In that 1996 photo I'm second one in from the left, standing beside Jenny Jones and Ehud Weiss.

In 1995 he welcomed me back into the academic world after my four years of struggling as a primary school teacher. I went from a school staffroom in to a lab with people from Israel, Kazakhstan and Australia. I could have been out of my depth but his warmth and good humour made me feel like I was welcome and I got that MSc even though I was a rabbit in the academic headlights then. I am fortunate to have been one of his students. Twenty-three years on I'm still working as an archaeobotanist out there in the developer-funded world for now but I hope my academic path has more to go. He's always there, in my old MSc identification notes, references and memories. He filled his lectures with stories and wonder. Archaeobotany still feels fresh and new to me and I think that is due to how Gordon taught.

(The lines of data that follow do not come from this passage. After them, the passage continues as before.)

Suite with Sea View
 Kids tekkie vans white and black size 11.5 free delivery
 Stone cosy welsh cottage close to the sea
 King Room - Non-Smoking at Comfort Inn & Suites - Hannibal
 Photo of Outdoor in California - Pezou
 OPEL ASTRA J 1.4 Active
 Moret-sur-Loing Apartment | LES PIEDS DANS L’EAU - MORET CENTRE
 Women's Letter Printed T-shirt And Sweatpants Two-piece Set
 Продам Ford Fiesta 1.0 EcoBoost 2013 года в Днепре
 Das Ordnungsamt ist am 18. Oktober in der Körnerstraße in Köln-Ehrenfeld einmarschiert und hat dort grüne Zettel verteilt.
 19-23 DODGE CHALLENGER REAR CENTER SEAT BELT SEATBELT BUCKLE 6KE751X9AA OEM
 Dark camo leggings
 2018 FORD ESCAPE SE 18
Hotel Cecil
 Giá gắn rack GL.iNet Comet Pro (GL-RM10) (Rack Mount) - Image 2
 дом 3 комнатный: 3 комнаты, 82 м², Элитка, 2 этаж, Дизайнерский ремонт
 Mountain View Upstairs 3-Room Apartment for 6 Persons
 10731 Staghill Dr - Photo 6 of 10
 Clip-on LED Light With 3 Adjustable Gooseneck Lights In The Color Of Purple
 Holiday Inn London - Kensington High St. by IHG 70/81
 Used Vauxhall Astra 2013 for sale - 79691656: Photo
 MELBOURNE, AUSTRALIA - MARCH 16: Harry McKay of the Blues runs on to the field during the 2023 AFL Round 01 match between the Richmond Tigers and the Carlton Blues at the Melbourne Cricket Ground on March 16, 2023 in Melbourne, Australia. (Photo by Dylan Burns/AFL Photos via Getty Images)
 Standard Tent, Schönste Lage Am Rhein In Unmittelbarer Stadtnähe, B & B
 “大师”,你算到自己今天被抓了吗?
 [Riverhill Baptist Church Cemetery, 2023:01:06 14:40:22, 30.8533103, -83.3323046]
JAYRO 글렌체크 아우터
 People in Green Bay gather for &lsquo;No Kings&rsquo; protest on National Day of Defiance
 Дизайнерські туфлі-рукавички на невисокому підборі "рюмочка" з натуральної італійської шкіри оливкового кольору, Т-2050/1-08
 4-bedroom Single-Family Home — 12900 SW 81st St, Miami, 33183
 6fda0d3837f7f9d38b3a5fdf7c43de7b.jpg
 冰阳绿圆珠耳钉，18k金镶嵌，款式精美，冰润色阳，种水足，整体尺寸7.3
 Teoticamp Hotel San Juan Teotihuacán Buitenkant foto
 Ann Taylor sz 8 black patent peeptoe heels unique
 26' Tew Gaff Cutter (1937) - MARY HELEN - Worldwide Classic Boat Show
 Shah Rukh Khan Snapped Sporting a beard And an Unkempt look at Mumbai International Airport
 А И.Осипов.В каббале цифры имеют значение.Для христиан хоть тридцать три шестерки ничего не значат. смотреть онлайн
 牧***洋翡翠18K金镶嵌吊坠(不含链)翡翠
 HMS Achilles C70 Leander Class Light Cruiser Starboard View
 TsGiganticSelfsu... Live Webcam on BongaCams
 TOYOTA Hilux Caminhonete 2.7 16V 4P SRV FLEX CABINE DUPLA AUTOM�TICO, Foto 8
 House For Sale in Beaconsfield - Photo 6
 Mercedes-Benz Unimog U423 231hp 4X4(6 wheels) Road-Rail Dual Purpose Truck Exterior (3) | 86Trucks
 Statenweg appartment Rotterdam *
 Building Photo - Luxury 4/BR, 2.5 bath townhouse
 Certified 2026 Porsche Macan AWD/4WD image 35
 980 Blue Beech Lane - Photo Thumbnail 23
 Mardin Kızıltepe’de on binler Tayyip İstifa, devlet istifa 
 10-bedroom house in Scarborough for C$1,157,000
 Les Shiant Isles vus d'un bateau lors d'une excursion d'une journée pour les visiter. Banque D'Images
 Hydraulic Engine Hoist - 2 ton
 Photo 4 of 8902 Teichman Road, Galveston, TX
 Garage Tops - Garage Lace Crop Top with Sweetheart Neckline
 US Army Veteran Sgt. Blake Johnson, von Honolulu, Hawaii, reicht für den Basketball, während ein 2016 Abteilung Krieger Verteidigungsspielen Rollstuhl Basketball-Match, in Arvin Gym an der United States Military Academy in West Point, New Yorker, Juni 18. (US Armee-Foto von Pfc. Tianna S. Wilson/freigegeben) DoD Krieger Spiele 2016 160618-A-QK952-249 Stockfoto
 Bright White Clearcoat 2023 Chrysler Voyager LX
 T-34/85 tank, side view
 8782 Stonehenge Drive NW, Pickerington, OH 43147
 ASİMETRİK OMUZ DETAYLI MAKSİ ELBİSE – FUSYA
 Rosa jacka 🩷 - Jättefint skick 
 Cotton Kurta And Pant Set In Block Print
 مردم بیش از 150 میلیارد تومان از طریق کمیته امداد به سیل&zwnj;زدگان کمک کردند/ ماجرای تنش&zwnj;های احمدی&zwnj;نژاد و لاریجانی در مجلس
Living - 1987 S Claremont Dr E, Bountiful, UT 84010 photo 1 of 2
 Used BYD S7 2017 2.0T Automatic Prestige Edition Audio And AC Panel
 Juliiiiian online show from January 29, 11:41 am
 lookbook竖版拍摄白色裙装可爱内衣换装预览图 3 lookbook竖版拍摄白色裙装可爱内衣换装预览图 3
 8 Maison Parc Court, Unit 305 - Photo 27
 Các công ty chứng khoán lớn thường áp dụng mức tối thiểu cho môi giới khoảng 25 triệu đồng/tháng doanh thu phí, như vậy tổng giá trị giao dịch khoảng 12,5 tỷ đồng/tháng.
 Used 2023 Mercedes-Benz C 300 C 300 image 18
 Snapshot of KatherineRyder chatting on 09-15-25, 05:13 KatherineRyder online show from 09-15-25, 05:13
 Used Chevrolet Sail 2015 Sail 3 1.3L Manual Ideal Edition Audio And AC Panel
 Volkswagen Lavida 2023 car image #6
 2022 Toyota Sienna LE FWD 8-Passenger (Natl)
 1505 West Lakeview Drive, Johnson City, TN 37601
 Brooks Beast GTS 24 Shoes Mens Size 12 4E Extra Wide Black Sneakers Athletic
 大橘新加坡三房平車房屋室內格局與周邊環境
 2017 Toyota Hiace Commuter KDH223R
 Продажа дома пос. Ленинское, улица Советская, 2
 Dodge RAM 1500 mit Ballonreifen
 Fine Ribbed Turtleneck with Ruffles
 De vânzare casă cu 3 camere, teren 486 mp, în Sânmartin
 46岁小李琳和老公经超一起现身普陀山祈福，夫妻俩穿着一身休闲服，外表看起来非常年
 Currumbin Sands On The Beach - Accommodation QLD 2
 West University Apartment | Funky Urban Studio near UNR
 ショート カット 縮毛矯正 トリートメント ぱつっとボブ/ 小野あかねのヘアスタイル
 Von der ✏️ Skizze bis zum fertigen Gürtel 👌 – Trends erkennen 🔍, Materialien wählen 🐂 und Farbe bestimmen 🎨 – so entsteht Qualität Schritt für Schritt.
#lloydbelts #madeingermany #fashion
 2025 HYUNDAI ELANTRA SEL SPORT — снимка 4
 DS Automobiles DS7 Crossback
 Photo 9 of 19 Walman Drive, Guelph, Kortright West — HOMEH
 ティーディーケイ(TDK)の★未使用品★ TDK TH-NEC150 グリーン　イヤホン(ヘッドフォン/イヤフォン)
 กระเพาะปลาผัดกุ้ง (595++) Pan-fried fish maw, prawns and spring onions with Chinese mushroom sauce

One of my last memories of him was in my early struggling as a freelance archaeobotanist years when I snuck into the Ethnobotany conference party at the University of Kent as a roadie of the Celidah band and I ended up dancing with him. Rest in Peace (or in rich, wonderful wildness) you lovely man.

Kate Batt said...

Such very sad news. Gordon was a lovely warm person, generous with his time and vast knowledge. He was a huge inspiration and support to me as an undergraduate many years ago, and I have never forgotten his kindness. I have the career I have today, in large part, as a result of his encouragement to hold on to my archaeology dream.

Umberto Albarella said...

I am very sad to hear of Gordon's passing. I met him in 1991 when I was a young visiting researcher at the Institute of Archaeology in London. Gordon was already a very well known researcher at the time and I was struck by his warmth and kindness. We bumped into each other again in the following few years, but then we lost touch. However, I'll always remember his smile, informality and charisma. I think it would have been very difficult for him to succeed in today's academia - he was just too intelligent and kind.

Unknown said...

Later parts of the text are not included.